VAFI President and Managing Director of Hallmark Oakes, Mr Bob Humphreys, said without harvesting native forests, timber industries would not be able to meetcommunity demands for wood products.
“People want to buy timber floorboards, wooden dining tables and other forest products, and without access to native Australian forests, timber from less sustainable industries in other countries will be imported to meet this demand,” he said.
The Victorian forest industry employs about 25,000 people and Victorian-sourced timber directly contributes $3 billion to the local economy. The industry’s sales and services income is double that, at $6 billion.
Mr Humphreys said the Victorian native forest industry operated according to high environmental standards and played an important role in bushfire management.
“No one cares more about the state of our native forests more than those in the industry; these people rely upon the health of our forests for their livelihoods,” he said.
“The forest industry manages public lands under its care and protects it from pests and fire damage; saving the taxpayer money and helping to maintain forest health.
“It is also the only greenhouse gas positive sector in Victoria, offsetting 2.3 percent of Victoria’s greenhouse gas emissions.”
Mr Humphreys was also critical of those interest groups that created the impression the industry slashed and burned its way across the Victorian landscape.
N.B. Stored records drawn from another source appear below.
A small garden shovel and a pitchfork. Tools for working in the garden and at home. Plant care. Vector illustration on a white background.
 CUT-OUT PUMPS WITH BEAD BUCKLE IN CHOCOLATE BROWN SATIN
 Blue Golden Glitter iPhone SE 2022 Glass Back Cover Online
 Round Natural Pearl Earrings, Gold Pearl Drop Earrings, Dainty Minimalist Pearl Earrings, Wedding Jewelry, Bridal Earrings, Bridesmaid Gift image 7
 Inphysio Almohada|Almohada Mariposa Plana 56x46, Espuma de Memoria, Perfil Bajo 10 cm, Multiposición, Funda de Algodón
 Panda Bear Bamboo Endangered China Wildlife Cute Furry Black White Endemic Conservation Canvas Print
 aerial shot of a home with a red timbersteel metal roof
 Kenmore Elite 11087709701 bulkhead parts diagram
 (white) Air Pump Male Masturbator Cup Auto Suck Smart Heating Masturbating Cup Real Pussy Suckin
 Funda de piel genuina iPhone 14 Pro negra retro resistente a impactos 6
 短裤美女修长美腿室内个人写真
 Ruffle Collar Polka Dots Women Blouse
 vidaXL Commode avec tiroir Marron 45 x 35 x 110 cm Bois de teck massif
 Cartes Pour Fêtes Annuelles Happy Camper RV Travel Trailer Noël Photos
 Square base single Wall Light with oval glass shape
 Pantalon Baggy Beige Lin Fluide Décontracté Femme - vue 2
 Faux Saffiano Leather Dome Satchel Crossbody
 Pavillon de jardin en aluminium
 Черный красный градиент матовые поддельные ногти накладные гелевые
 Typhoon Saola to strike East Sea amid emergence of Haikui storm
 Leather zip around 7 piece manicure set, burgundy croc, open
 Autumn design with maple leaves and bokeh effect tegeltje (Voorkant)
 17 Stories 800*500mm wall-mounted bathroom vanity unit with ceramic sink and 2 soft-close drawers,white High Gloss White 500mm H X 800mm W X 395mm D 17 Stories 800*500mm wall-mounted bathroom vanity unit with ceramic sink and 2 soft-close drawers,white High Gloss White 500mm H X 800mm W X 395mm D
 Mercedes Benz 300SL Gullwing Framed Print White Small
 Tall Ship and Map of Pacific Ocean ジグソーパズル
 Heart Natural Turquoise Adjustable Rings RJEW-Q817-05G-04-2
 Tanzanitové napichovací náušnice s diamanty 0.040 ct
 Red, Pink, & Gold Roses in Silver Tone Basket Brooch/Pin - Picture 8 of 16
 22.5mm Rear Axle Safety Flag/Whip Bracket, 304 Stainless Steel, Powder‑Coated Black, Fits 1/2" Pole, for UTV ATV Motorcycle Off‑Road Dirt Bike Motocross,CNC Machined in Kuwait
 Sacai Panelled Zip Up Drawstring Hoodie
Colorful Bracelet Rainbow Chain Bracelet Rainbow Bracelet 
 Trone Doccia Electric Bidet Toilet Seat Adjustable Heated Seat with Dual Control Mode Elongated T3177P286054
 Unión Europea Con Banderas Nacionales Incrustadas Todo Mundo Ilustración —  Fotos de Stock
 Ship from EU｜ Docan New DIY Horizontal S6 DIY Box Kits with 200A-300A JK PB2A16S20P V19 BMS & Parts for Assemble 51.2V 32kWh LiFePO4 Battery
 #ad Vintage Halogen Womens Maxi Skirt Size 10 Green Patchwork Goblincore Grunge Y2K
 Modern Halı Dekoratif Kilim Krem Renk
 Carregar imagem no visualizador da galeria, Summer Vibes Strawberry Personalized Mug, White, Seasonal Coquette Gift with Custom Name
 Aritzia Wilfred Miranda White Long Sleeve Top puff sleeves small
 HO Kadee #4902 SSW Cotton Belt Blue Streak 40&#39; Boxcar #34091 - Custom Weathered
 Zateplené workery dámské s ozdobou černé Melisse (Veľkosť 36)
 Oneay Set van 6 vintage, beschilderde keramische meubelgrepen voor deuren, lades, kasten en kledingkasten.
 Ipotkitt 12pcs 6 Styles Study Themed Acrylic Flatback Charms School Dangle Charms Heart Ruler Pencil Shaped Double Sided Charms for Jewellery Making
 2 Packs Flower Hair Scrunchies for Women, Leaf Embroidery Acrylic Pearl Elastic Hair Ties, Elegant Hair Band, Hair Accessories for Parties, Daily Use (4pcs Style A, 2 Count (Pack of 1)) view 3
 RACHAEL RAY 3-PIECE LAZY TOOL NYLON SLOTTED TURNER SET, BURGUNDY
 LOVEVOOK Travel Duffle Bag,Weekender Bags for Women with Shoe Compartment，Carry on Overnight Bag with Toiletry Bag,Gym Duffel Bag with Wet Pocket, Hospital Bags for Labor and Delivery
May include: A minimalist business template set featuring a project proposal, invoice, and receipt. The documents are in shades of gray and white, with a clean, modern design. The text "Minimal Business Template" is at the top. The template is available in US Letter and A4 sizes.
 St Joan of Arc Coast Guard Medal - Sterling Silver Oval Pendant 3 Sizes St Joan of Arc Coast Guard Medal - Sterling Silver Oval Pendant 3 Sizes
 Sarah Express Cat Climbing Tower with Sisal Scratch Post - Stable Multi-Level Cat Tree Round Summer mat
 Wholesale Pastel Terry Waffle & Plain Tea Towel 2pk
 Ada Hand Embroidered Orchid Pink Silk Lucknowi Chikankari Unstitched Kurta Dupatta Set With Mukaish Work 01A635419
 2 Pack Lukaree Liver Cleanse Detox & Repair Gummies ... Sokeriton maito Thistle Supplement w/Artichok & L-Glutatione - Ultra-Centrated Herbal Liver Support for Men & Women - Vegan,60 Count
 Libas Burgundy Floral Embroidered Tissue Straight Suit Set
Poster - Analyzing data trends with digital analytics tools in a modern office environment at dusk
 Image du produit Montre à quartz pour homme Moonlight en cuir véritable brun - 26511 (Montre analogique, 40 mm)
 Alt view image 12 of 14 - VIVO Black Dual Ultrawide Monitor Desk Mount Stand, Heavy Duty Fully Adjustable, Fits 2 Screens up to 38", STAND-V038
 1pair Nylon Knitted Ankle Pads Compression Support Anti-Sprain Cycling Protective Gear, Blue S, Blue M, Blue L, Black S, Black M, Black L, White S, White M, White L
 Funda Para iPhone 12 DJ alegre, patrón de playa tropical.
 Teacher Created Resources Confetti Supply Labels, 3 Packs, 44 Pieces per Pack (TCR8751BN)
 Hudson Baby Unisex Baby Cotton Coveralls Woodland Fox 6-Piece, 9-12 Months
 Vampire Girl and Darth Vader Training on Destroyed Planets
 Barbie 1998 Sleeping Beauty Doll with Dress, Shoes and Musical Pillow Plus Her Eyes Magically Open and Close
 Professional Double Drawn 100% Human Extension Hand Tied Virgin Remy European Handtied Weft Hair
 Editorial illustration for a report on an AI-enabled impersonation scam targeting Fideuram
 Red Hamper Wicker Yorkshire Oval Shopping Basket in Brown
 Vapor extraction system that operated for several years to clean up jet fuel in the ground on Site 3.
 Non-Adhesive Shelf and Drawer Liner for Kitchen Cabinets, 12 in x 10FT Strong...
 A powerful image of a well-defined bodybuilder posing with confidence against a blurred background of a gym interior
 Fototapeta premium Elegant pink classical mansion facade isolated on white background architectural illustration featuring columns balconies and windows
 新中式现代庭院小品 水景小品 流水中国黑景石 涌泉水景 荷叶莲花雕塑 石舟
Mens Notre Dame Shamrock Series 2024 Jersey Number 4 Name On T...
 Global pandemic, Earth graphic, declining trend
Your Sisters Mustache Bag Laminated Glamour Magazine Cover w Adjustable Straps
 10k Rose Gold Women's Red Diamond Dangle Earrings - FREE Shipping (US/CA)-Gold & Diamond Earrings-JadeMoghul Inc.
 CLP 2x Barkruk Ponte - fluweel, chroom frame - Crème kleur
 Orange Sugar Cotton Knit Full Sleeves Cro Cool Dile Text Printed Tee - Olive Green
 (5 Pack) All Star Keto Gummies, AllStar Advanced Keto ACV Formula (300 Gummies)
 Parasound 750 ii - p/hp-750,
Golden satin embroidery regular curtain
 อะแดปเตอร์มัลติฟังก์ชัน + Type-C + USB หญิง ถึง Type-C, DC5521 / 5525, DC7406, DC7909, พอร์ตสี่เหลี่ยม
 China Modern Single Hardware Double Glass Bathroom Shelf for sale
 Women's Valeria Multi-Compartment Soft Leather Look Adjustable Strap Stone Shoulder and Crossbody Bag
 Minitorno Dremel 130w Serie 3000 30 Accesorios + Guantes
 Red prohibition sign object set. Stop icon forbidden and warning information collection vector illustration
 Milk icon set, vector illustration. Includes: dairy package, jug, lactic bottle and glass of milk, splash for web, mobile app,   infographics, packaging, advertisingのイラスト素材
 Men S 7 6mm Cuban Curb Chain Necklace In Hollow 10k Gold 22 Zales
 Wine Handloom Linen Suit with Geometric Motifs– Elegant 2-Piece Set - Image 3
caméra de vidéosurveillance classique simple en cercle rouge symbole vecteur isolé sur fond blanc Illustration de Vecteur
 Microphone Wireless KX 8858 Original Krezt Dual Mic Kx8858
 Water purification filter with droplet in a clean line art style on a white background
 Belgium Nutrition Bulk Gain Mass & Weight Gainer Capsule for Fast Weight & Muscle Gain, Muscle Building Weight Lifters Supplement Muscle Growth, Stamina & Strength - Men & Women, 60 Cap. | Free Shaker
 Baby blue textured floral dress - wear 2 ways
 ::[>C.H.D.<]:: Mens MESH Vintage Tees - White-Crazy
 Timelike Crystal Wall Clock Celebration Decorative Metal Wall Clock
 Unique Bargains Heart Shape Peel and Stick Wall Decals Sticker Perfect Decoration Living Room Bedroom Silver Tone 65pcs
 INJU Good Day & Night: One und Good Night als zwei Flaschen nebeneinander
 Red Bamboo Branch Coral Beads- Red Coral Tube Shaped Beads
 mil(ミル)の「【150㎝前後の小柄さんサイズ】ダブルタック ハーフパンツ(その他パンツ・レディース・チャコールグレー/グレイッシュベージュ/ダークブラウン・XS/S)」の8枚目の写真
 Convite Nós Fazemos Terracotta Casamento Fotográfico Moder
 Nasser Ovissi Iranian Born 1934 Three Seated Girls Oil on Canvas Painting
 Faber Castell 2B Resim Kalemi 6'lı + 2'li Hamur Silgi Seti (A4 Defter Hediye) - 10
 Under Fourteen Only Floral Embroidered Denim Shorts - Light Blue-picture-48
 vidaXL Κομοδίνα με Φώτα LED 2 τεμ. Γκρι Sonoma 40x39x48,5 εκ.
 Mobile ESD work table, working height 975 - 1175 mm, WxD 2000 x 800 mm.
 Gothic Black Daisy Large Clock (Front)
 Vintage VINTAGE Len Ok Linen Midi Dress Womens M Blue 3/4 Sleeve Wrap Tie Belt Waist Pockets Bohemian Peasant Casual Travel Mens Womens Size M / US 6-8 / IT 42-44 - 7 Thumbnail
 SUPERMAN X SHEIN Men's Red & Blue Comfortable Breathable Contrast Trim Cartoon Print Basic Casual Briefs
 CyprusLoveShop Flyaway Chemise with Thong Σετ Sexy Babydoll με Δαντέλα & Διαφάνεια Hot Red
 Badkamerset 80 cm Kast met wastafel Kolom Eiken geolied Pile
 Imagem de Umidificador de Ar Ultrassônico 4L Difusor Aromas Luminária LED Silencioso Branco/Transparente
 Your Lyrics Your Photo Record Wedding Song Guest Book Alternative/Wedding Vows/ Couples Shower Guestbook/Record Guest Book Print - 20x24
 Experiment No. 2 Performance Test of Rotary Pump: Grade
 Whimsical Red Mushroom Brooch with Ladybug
“The forest industries harvest less than 0.2 percent of Victoria’s public forest each year, replanting as they go,” he said.
“What people forget is the greatest threat to our native forests is not the timber industry, but fire.
“Between them, the 2002, 2006 and 2009 fires burnt nearly three million hectares; at current rates it would take the industry nearly 300 hundred years to harvest this much forest.”
Mr Humphreys agreed plantations have a role to play in the future of the forestry industry. However, he disputed the need to pick a single solution.
“Sustainable and responsible forestry management must always seek a balance between native forestry and plantation development; diversity in the resource base needs to be the way forward,” he said.
“And what makes sense for a single company will not necessarily work for an entire industry, and without access to Australian native forest products, Victorian consumers will just be buying more goods made using timber sourced from fragile rainforests overseas.”